De gele lis bezwijkt inmiddels onder de last van de doosvruchten, die daardoor vaak in het water hangen, zodat de drijvende zaden voor verdere verspreiding kunnen zorgen. Moeder fuut fungeert als bakfiets met haar kroost op de rug.


Tegenwoordig loopt de afwatering van de Lopikerwaard niet meer via de Hooge Boezem, maar via de Lange Vliet met het nieuwe poldergemaal De Keulevaart.


Ik bereik riviertje de Vlist bij Polsstokclub De Vlist in dorp Vlist. Op het dak van het clubgebouw een witte kwikstaart met de bek vol lekkernijen. Middels aanloopschansen, qua lengte aangepast aan leeftijd en geslacht, kom je met de polsstok over een waterpartij in het rulle zand terecht (als je het goed doet), en liefst zo ver mogelijk. ‘Fierljeppen’ in de provincie Utrecht. Het prachtige riviertje de Vlist tussen Schoonhoven en Haastrecht vormt de grens tussen Krimpenerwaard en Lopikerwaard.


Via een onverhard pad, geplaveid met varkensgras en schijfkamille, wandel ik om de ‘Hooge Boezem achter Haastrecht’ heen. Twee hazen in ruste zijn net zichtbaar in het hoge gras.


In de weilanden naast de boezem hebben grote groepen meeuwen zich verzameld met hun opgroeiende jeugd. Bij het open water van het Doove Gat ook veel meeuwen, maar nog meer ganzen. Twee kokmeeuwen staan op twee meerpalen vlak naast elkaar om het laatste nieuws door te nemen. Boezemmolen 6 (de enige van de zeven die er ooit stonden om water van de Vlist in de Hooge Boezem te pompen) domineert de omgeving. Twee jaar geleden fietste ik in mei langs de Hooge Boezem en was geschokt door het grote aantal dooie meeuwen in de broedkolonie door de vogelgriep (‘Krimpenerwaard’. In: No.10, 2023). De kolonie lijkt er nu geen last meer van te hebben: natuurlijke selectie!

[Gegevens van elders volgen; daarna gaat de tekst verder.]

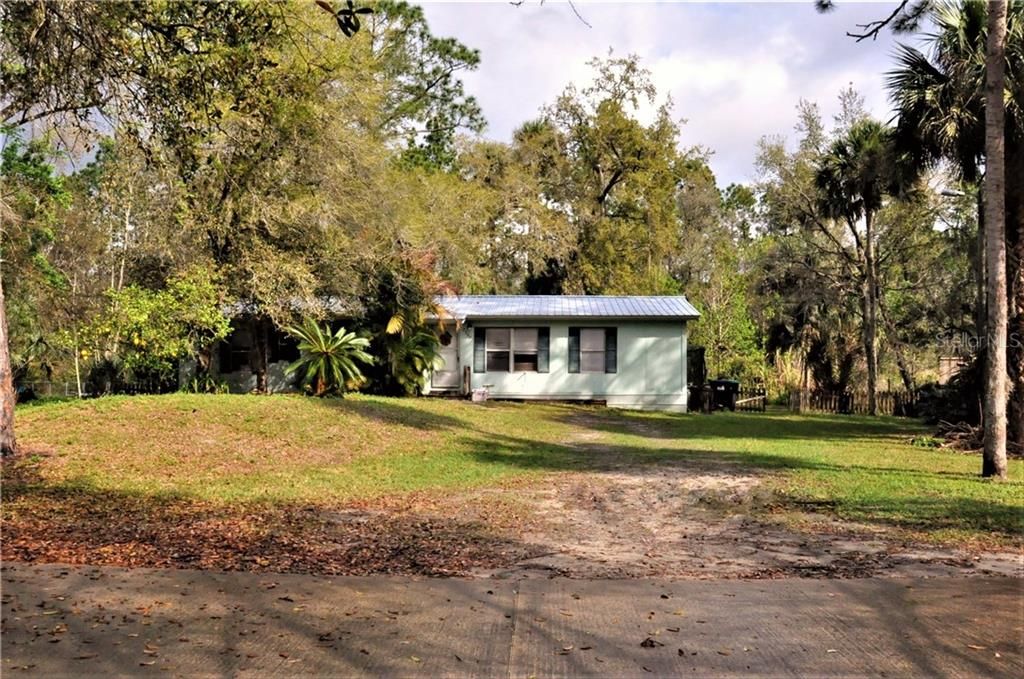 Recently Sold: $145,000 (3 beds, 2 baths, 1248 Square Feet)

De route leidt me aan de westelijke buitenrand van Haastrecht door een stuk bos, waar groot heksenkruid overvloedig bloeit. Het bos blijkt onderdeel te zijn van de Overtuin, behorend bij Woonhuis Museum Paulina Bisdom van Vliet. Zoals drie weken geleden gezien, is het woonhuis van de schatrijke Paulina nog in de staat waarin zij het bij overlijden in 1923 achterliet. Het staat in de Top 100 van de Rijksdienst voor Monumentenzorg.


In de Overtuin, die we drie weken geleden niet konden bezoeken, stuit ik op een uitje van de Zonnebloem. Door een gids wordt uitleg gegeven bij de graftombe van Paulina (1840–1923) en haar jong overleden echtgenoot Johan Jacob le Fèvre de Montigny (1840–1881). En… bij het graf van haar lievelingshond Nora (1893–1906). Ik laat me de uitleg van de gids welgevallen. Vanuit de Overtuin prachtig zicht op het statige woonhuis aan de overzijde van de doorgaande weg.